I'm not perfect. But I'm working on it. All it takes is practice. "Practice makes perfect", right? I'll get back to you on that in nineteen years.

Monday, January 24, 2011

Who says I personify everything I own...? >.>

This is my Tophat, Ozwald. Ozzy is an effeminate gay brit with a penchant for raspberry flavoured chocolate. His "Clothing" (The bits of flash all over him) are constantly changing, but he loves bright shiny things. This photo was taken summer of 2009, about three months after he was given to me.

Meredith is my Ukulele, a Makai Tenor, and I haven't gotten to know her enough yet, except to know that she's a lower-class island girl who works in a colonial household around 1880, and loves to wear a Trumpet Flower in her hair.

Rozalynd is my Violin. She's the second Violin I've had, after Andromeda, who now belongs at Leslie and will soon be given a new name. Rozie is a Proper English Lady who is really a wild Irish girl pulling a con on the English Aristocracy. She's in the middle of a wild love affair with her Sikh bodyguard Jassa Singh, who happens to be---

My guitar. He is strong, cryptic, and silent until you get him singing. Like Meredith, I don't know much about him yet, mostly because I'm not that practised on him yet.

Tess (Short for Tesora Tesla Jones) is my Tattoo machine. She's a 25-year-old artist from San Francisco in the mid-seventies, who took her grandmother's diamond earrings and put one of them through her bottom lip. She gave the other to her girlfriend, with whom she lives.

.... Like I said, I don't personify EVERYTHING, I mean it's not like my Bike (Her name is Kitten)... Er, bad example... Or my piggy bank Thomas... Erm... My Stuffed octopus Kefka... Uh... My sewing machine Eatsneedles... My iPod Aiwë or my computer Sam... Well my boots don't have a name and personality! ....Yet...

Saturday, January 8, 2011

New Boots - Why I Am Not A Good Son.

My grandfather is to this day my hero. He was a navigator in a bomber in WWII, and broke his neck bailing out his plane when it was shot down. He landed behind enemy lines, and spent -- if I am remembering this right -- 18 months in a POW camp, trying to dig his way out and smuggling the sand outside in his pantlegs.

Now, I have a long and glorious history of being the only child/grandchild/etc. interested in the things that my family has to pass down. As the only child interested in hearing his stories, I was given a wealth of knowledge and fascinating adventure stories. I was told about smuggling sand out of the camp.

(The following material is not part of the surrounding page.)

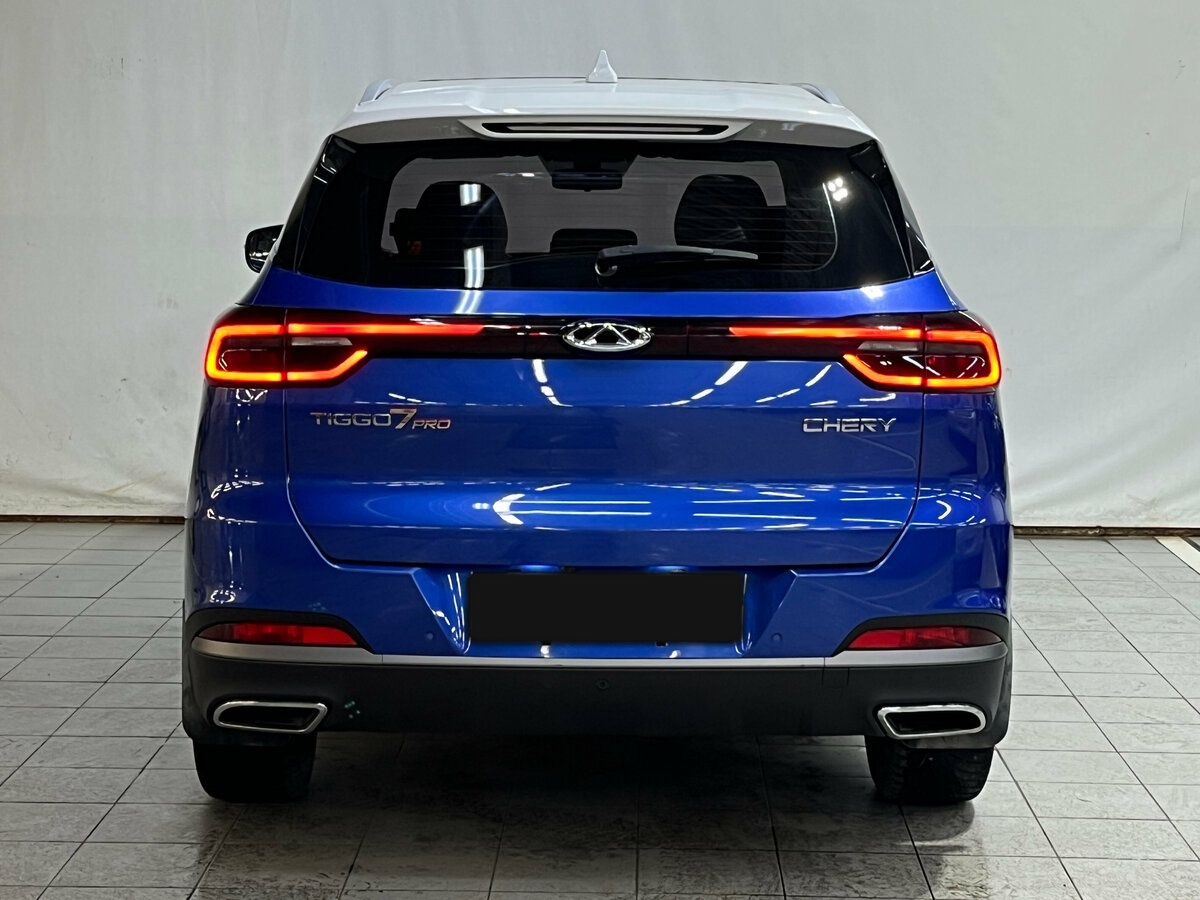 Chery Tiggo 7 Pro I, 2020 - 123 000 км. | Фото №5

I was told about shaving chocolate bars into wormy porridge to make it easier to eat, and how the prisoners ended up stronger and healthier than the guards, who were given porridge without worms, and therefore without protein. I was told all sorts of things.

I'm not sure if this hero worship is what contributed to the child of a pair of hippies ending up sitting in a coffee shop in a Marine field jacket and Israeli combat boots  writing a comic about sky pirates and the british airship navy. However, it has been remarked that I was born for Military Chic. And I know that this pisses off my parents to no end.

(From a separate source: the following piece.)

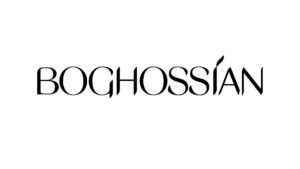 Logo du partenaire logo client boghossian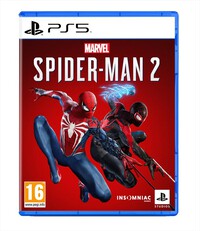 SONY COMPUTER - MARVEL&rsquo;S SPIDER-MAN 2 STANDARD ED. PS5,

My mother sat down in front of the troop trains and protested at ports. My father can be seen flashing a peace sign in his highschool graduation photo. I myself am an anti-military, hardcore pacifist.

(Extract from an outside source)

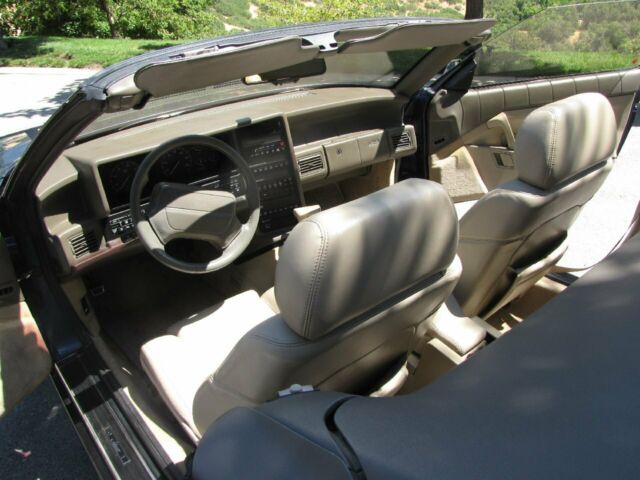 1993 Cadillac Allante - photo 6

And yet I love to look the part of the tired nam vet. I look considerably better in olive drab and russet brown than I do in tie-dye, and my favourite bag is a medic satchel. I am tall and have shoulders that would fit better on someone six inches taller. I hate looking like a hippie. I do not fit in the aesthetic that they have cultivated. Long hair doesn't really look right at this point, tie-dye just makes me look like I got caught in a holi celebration, ripped clothing looks... awkward... and sandals... just no.

But about the boots.

I have been searching for the prefect boots for years. I think I finally found them. Black, nine-eyelets, shined so bright you can practically see your reflection in it, and I love them. Among other things, they complete my look. Beyond that, they're waterproof, warm, full of traction, and make me feel like my grandfather is smiling at me.

At some point, I think I have to make a comic out of my grandfather's stories, if I can delve back to when I was eight and remember them.